BRIEF:
Transcribe the entries below with complete accuracy, excluding the pictures.

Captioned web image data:
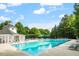 Large community pool and clubhouse, surrounded by lush greenery and comfortable lounge chairs at 318 Riggsbee Farm Dr, Cary, NC 27519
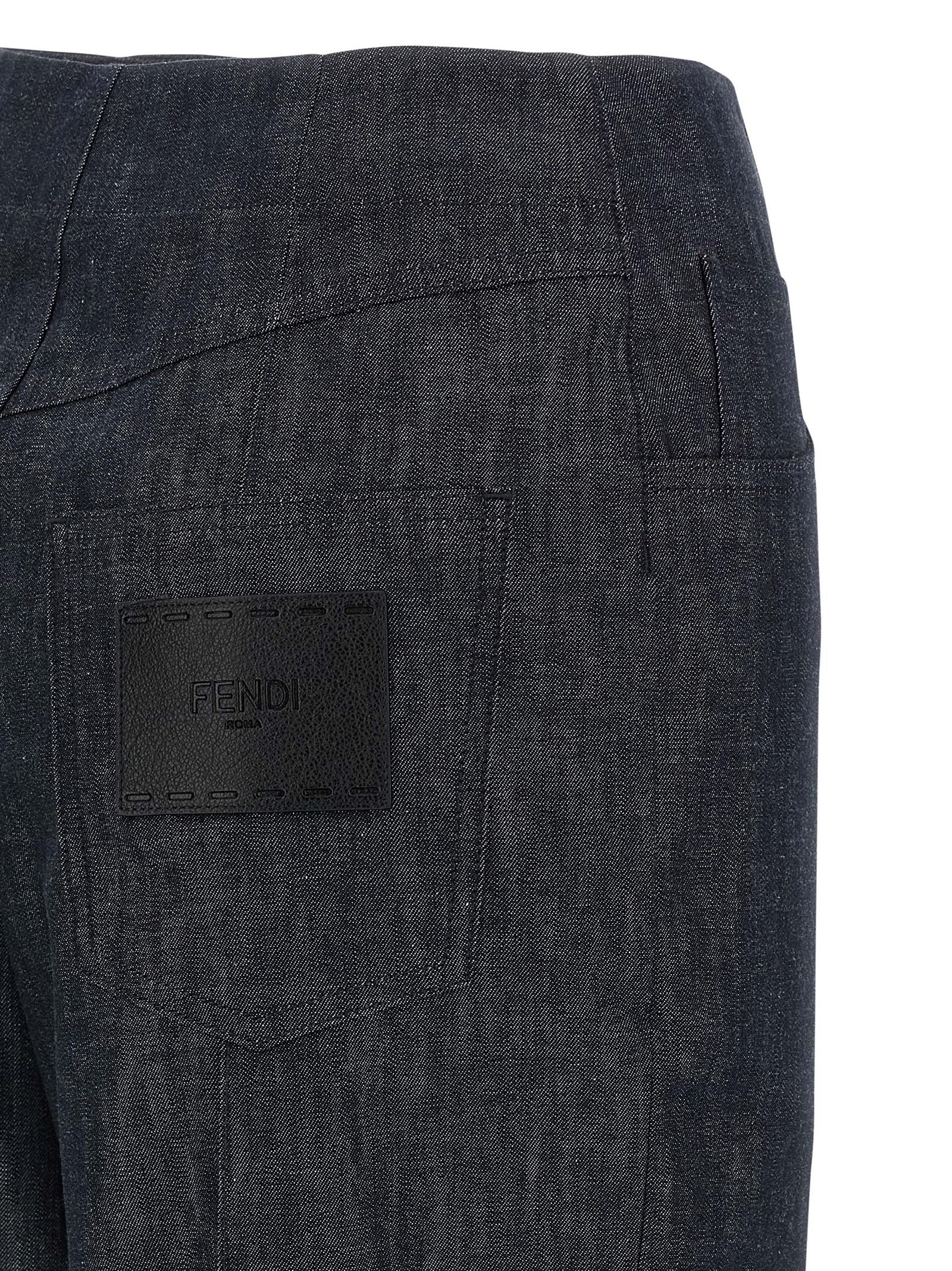 Jean Fendi en coton bleu à taille haute, coupe décontractée et détails modernes, montrant la texture du tissu et la coupe du pantalon.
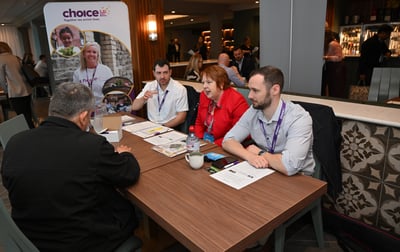 People sitting at a table talking at NI Chamber's Meet the Buyer event People sitting at a table talking at NI Chamber's Meet the Buyer event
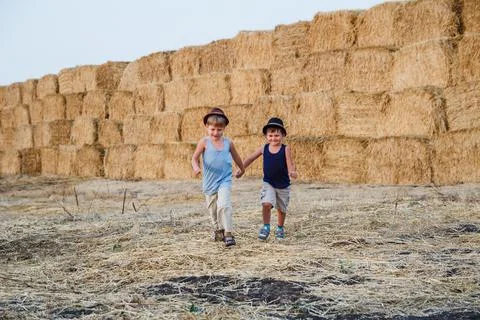 Children run, holding hands, haystack Stock Photos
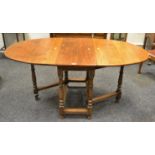 A George III style oak oval gateleg dining table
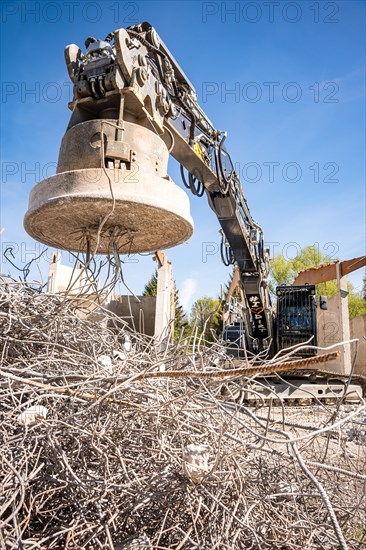 Black Liebherr crawler excavator with magnet recycling on demolition site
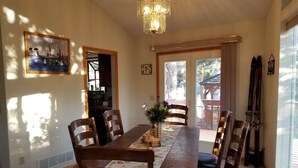 A dining room with a long wooden table, six chairs, a chandelier, and a painting on the wall. - Eagle Cliff Cottage  Sleeps 6 ((20-NCD0244) (Estes Park)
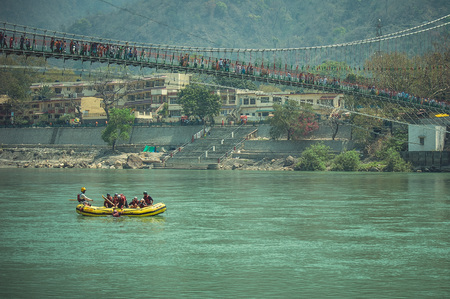 Rishikesh. India. April 12, 2017: People in a yellow boat sailing along the Ganges River under the bridger.のeditorial素材
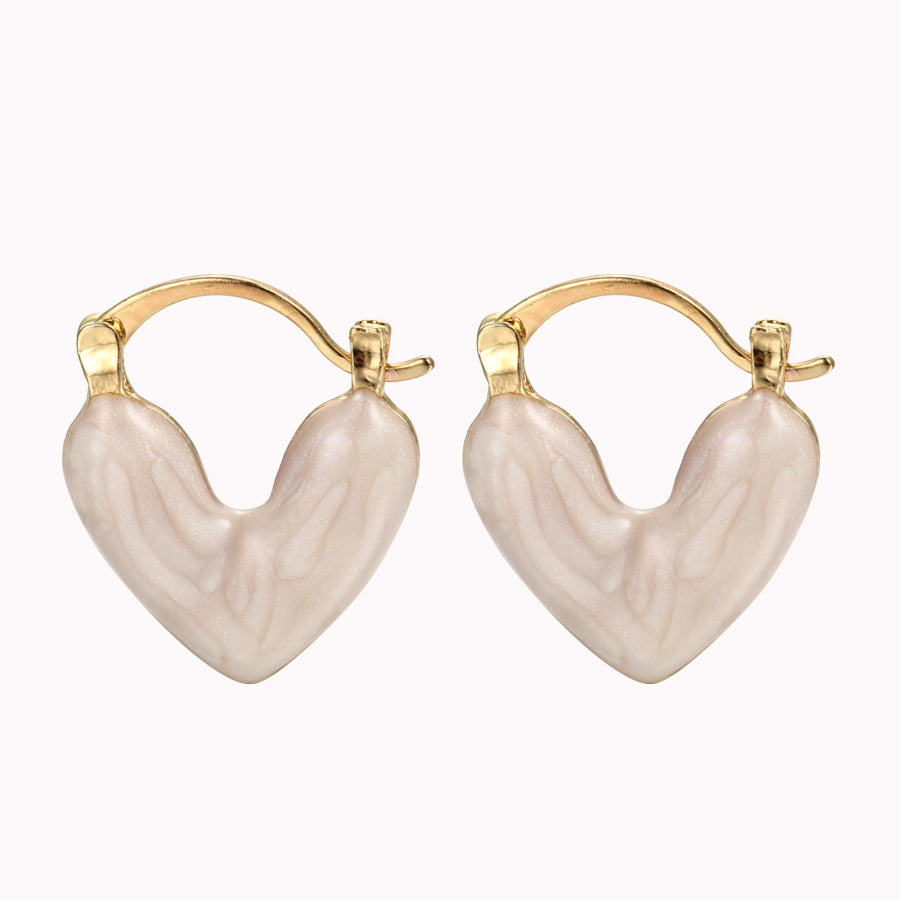 Damen Ohrstecker in Herzform mit elegantem Goldrahmen Shop Nory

ANSWER SECTION:
 Large community pool and clubhouse, surrounded by lush greenery and comfortable lounge chairs at 318 Riggsbee Farm Dr, Cary, NC 27519
 Jean Fendi en coton bleu à taille haute, coupe décontractée et détails modernes, montrant la texture du tissu et la coupe du pantalon.
 People sitting at a table talking at NI Chamber's Meet the Buyer event People sitting at a table talking at NI Chamber's Meet the Buyer event
 Children run, holding hands, haystack Stock Photos
 A George III style oak oval gateleg dining table
 Black Liebherr crawler excavator with magnet recycling on demolition site
 A dining room with a long wooden table, six chairs, a chandelier, and a painting on the wall. - Eagle Cliff Cottage  Sleeps 6 ((20-NCD0244) (Estes Park)
 Rishikesh. India. April 12, 2017: People in a yellow boat sailing along the Ganges River under the bridger.のeditorial素材
 Damen Ohrstecker in Herzform mit elegantem Goldrahmen Shop Nory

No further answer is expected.